Classifier on A and C

  • error_A = 0 / 4

  • error_C = 1 / 4

Splitting Criteria

Gini Impurity

  • Given a random variable Y, over K classes {1,2,...,k}

  • G(y) = Σ^K_{k=1} P(Y=k)P(Y≠K)

    • = Σ^K_{k=1} P(Y=k)(1-P(Y=K))
    • = Σ^K_{k=1} P(Y=k) Σ_{j≠K}P(Y=j)
    • = 1 - Σ^K_{k=1} [P(Y=k)]^2
    • expected error rate for Solution 2
  • Consider the case Y is the outcome of a weighted dice roll

    • P(Y=K) = probability of lands on side K
    • P(Y≠K) = probability of lands on any other side
  • Goal: to predict the next dice roll given the weight of the die (e.g. P(Y=3) = 90%)

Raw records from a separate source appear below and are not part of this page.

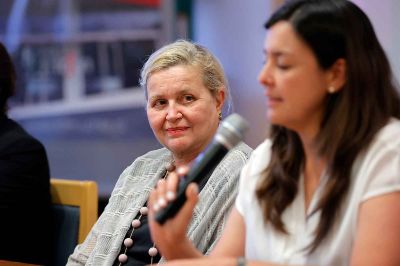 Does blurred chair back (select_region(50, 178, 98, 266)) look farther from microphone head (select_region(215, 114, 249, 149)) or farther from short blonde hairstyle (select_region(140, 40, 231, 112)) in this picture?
microphone head (select_region(215, 114, 249, 149))

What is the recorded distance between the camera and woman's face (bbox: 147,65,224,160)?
7.33ft

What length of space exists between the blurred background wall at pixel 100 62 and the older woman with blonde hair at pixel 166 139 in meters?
1.59

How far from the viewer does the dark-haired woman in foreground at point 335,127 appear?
149 centimetres

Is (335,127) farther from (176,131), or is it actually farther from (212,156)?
(176,131)

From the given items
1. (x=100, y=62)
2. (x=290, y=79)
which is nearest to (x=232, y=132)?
(x=290, y=79)

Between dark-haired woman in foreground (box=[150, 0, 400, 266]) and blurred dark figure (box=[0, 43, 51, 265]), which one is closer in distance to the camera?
dark-haired woman in foreground (box=[150, 0, 400, 266])

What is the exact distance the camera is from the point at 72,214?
2676 mm

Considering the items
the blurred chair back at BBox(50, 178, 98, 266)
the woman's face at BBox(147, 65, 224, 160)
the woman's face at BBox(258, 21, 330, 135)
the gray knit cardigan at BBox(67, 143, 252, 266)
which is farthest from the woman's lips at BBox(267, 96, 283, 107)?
the blurred chair back at BBox(50, 178, 98, 266)

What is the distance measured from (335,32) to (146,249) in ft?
3.05

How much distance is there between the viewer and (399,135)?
60.9 inches

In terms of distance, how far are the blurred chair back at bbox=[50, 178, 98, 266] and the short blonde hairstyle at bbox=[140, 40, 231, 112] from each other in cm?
54

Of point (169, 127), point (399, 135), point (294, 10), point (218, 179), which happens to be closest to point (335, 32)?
point (294, 10)

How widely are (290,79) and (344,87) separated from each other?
4.5 inches

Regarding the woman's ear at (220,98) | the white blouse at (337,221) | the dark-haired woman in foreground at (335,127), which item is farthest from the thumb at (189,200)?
the woman's ear at (220,98)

    • Solution 1: predict most possible side every time (e.g. Y = 3)
      • expected error rate = 1 - P(Y=y*) = P(Y≠y*) = Σ_{k≠y*} P(Y=k) (e.g. 10%)
    • Solution 2: roll another die same weighted side and predict whether it lands on
      • expected error rate: G(y)
  • G(Y, D) Given a dataset D, then get P(y=k) = N_y=k / N

Gini Gain

  • G(y, Xm; D) = G(y; D) - (P(Xm=0)G(y; D_Xm=0) + P(Xm=1)G(y; D_Xm=1))
  • Indistinguishable with Mutual Information

Mutual Information

Let x be a random variable x ∈ X => attribute

Let y be a random variable y ∈ Y => class

  • Entrophy
    • H(Y) = -Σ_y∈Y P(Y=y)log_2 P(Y=y)
  • Specific Conditional Entrophy
    • H(Y|X=x) = -Σ_y∈Y P(Y=y|X=x)log_2 P(Y=y|X=x)
  • Conditional Entrophy
    • H(Y|X) = H(Y) = Σ_x∈X P(X=x)H(Y|X=x)
  • Mutual Information
    • I(Y;X) = H(Y) - H(Y|X) = H(X) - H(X|Y)

Entrophy measures the expected number of bits to code one random draw from X.

For a decision tree, we want to reduce the entrophy of the random variable we are trying to predict.

Mutual Information => If we know X, how much does this reduce our uncertainty about Y.

Gini gain and Mutual information are statisically indistinguishable.

Decision Tree Learning as Search

  • Search space: all possible decision trees
  • Node: single decision tree
  • Edge: connects a child to a parent from which it could have been created with 1 attribute addition.
  • Decision Tree Learning = greedy search, maximizing splitting criterion at each step
  • Edge weight: negative of the splitting criterion

Big question: How is it that your ML algorithms can generalize the unseen examples?

ID3 = Decision Tree Learning with Mutual Information as the splitting criterion

We say that the inductive bias of a ML algorithm is the principal by which it generalizes to unseen examples.

Inductive bias of ID3 is the smallest tree that matches the data with high mutual information attributes near the top.